Ontario Government Changes Rules for Cannabis Retailers

After a year of struggle in trying to create a retail cannabis marketplace in Ontario, the Provincial government is changing the rules to make it easier to get stores off the ground. Come 2020, there will be no more quotas, and no more lotteries, as Ontario tries to play catch-up with other parts of Canada in making it easier to get legal pot.

“In response to the federal government’s decision to legalize cannabis, our government is determined to open the cannabis market as responsibly as possible,” said Attorney General Doug Downey in a media statement. “We have said all along that opening more legal stores is the most effective way to combat the illicit market, protect our kids and keep our communities safe. That is our number one priority.”

As of January 6, 2020, the Alcohol and Gaming Commission of Ontario (AGCO) will begin accepting operator licence applications from prospective retailers under the new regulations. The process now has two steps: they have to qualify for a retails operator license under the criteria of the Cannabis Licence Act, and the proposed physical store must qualify under the retail store authorization for all location, security and other requirements. In Guelph, that includes a a bylaw that says a cannabis retailer can’t be opened within 150 metres of a school, daycare, or park.

Previously, people looking to open retail cannabis stores had to submit for a lottery draw, and, once drawn, they had a week to produce documentation to show that they had secured the location, and had the required capital on-hand to establish the store. The complicated process has resulted in less than half of the total number of licences drawn  being turned into actual stores.

At the same time, the lottery process was also divided into regions, which limited the number of potential stores that could open in any given area. For instance, May’s lottery authorized 42 stores split between 13 in Toronto, seven in eastern Ontario, six in the GTA, five in the north, and 11 in western Ontario, which included Guelph. The Royal City has won the lottery twice, but no stores have opened as a result.

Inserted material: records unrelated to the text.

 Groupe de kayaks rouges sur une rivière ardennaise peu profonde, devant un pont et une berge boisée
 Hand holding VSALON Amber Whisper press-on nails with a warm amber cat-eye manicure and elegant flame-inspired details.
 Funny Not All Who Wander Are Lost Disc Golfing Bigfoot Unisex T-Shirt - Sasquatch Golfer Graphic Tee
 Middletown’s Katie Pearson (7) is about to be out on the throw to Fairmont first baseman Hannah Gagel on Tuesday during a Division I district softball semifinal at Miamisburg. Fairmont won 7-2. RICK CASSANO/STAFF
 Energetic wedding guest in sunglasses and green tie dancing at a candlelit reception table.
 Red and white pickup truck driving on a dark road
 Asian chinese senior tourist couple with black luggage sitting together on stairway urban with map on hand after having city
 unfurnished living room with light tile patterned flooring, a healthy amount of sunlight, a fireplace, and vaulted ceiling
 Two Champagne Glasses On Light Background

“The lottery system simply wasn’t working. It was failing to make a dent in the illegal market, while doing a disservice to entrepreneurs who wanted to start a business the responsible way,” said Guelph MPP Mike Schreiner in a media statement. “There were so many examples of people who made upfront investments, signed leases, and went through all the proper channels only to be locked out by the lottery system.”

Other changes to the licencing system include allowing producers to own or control up to 25 per cent of a retail operation, which is up from 9.9 per cent, and stores are now allowed to sell “items directly related to cannabis or its use,” with the exception of edibles, which retail stores will be able to sell starting in January. And while the restriction on the total number of stores will remain at 93 for the time being, all regional and quantity restrictions will be lifted on March 2.

The AGCO will begin accepting application from all interested parties on March 2, but until then, only those applicants already pre-approved by the Registrar can apply for a Retail Operator Licence.